# Exercise requirements:
Pictures are not part of the copy. Write out exactly the lines from the line with "Kelvin Benjamin 2014" through the end of the entries below.

-- Dataset extract follows --

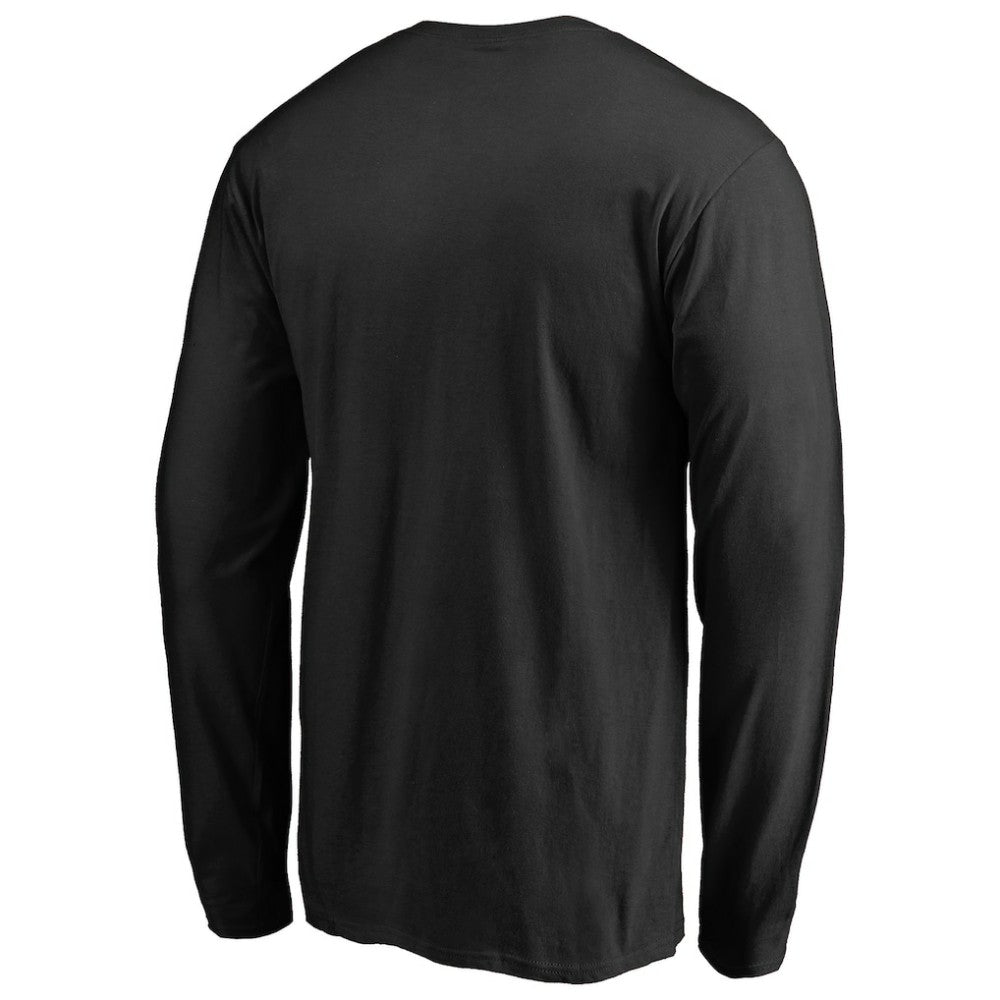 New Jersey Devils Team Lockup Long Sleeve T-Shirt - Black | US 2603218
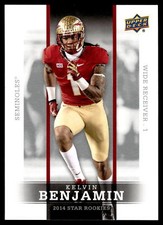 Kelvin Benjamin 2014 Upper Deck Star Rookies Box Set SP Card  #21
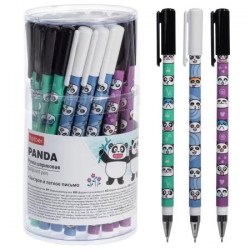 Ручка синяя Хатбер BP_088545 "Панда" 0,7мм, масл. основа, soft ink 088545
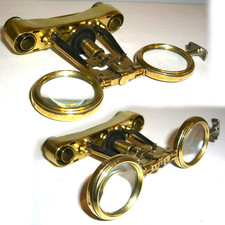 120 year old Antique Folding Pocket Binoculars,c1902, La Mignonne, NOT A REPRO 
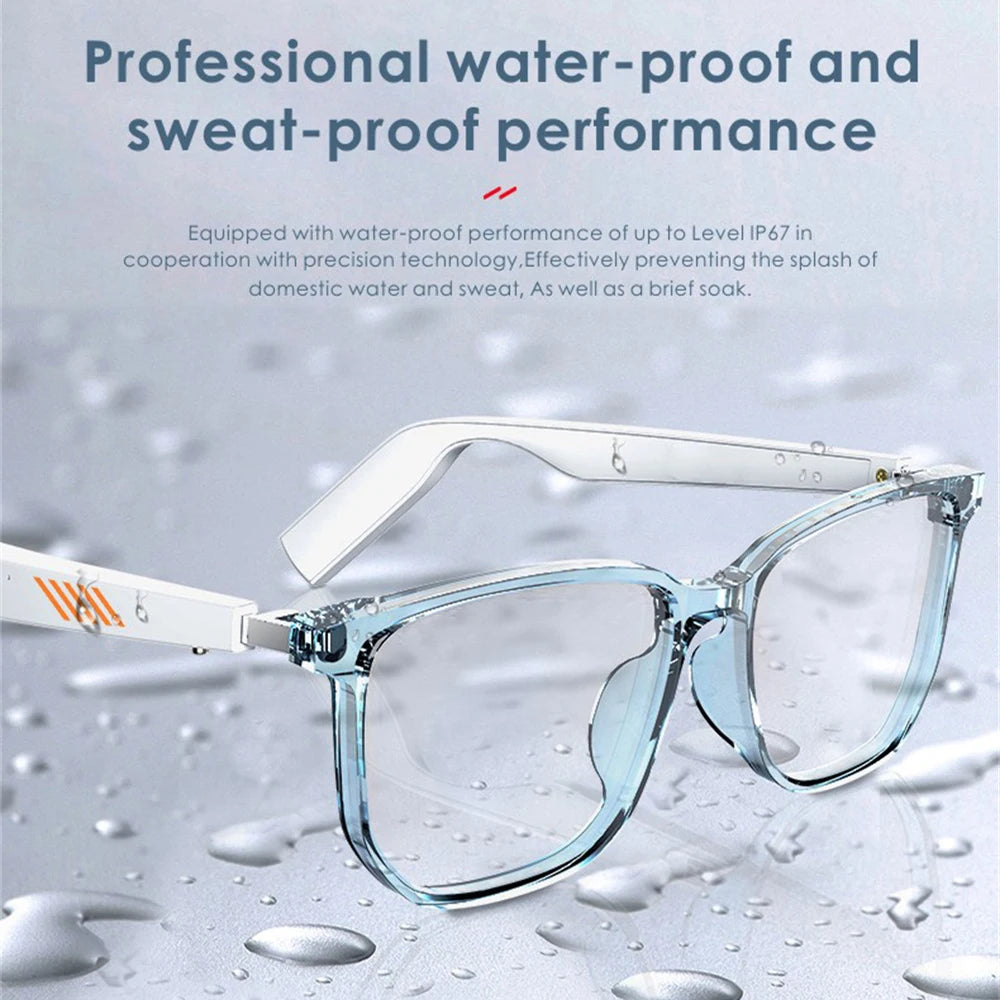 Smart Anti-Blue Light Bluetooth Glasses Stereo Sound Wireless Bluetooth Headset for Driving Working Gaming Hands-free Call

-- Dataset extract concluded --

# Solution below:
 Kelvin Benjamin 2014 Upper Deck Star Rookies Box Set SP Card  #21
 Ручка синяя Хатбер BP_088545 "Панда" 0,7мм, масл. основа, soft ink 088545
 120 year old Antique Folding Pocket Binoculars,c1902, La Mignonne, NOT A REPRO 
 Smart Anti-Blue Light Bluetooth Glasses Stereo Sound Wireless Bluetooth Headset for Driving Working Gaming Hands-free Call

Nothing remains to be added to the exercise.